“Tell me what you’re thinking?”

For as long as she can remember, Katie Rappaport has enjoyed asking that question whenever she noticed that a family member or friend had drifted into deep thought.

“It’s a great conversation starter, just ask James,” said Ms. Rappaport, 33, a creative director in New York for Condé Nast.

She was referring to James Strickland, also 33, and their “unforgettable conversation,” as she put it, that took place in October 2018 in Mr. Strickland’s Nashville apartment.

Three months earlier, they began dating in New York after matching on two apps, Hinge and the League. At the time, Mr. Strickland was busy with an internship at an investment banking firm in New York that was a part of his studies at Vanderbilt, where he was a year away from earning an M.B.A.

When Mr. Strickland returned to Nashville, he sent Ms. Rappaport four enormous balloons, together spelling XOXO, as well as 50 additional balloons to her office in Lower Manhattan, as a way of demonstrating just how much he missed her.

Ms. Rappaport was soon heading to Nashville, sitting with Mr. Strickland on his sofa. They talked about religion — she’s Jewish, he’s Roman Catholic — and their mutual love of the outdoors, where both enjoy fly-fishing. And they discussed their love affair with New York City. She grew up in Indianapolis and worked with disadvantaged youth in rural Ohio through AmeriCorps and later at Ohio State University, and he lived in Tallahassee, Fla., and in several other areas of the state before arriving in New York by way of Nashville.

At some point during their long chat, Ms. Rappaport noticed that Mr. Strickland had drifted into deep thought, and instinctively, she sprung into action. “Tell me what you’re thinking,” she said.

He did not mince words, creating the kind of conversation starter that neither could have possibly imagined at that point of their brief relationship. “I have been thinking about what it would be like to marry you,” he told Ms. Rappaport.

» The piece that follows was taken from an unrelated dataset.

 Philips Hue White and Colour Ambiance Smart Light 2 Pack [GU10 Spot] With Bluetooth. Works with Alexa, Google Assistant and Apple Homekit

She could only stare back in stunned disbelief and say, “Are you asking me to marry you?”

He told her he was, but just not at that time in their lives.

“Ask me again,” she said.

He obliged, and they both agreed to let that precious moment serve as a verbal commitment to one another and that one day, they would indeed get married.

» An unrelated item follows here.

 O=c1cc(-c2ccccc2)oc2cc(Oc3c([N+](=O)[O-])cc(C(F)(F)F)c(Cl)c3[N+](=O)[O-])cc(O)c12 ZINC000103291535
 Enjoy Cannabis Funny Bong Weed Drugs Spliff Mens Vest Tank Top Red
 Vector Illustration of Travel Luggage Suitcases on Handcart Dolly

On June 21, 2019, Mr. Strickland got down on one knee and proposed to Ms. Rappaport at Hotel du Cap-Eden-Roc in Antibes, France.

They spent the next two days in Beaulieu-sur-Mer on the French Riviera, drinking champagne and celebrating.

The couple initially chose to be married June 6, 2020 at Newfields, a 152-acre campus that houses the Indianapolis Museum of Art. They had already sent out invitations for 250 guests. But because of restrictions created by the coronavirus, the couple, who were able to save the date, moved their wedding ceremony and reception to the home of the bride’s parents in Indianapolis.

Rabbi Brett Krichiver officiated before the couple and 16 members of their families.

Shortly after they were married, the newlyweds went outside and rode bicycles, and were saluted by neighbors, some hoisting glasses of wine, others tossing flower petals in their direction.

When asked what she was thinking while bike riding in her wedding dress, the groom pedaling beside, the bride said, ‘‘I was thinking that I could not have imagined a sweeter ending to our wedding day.”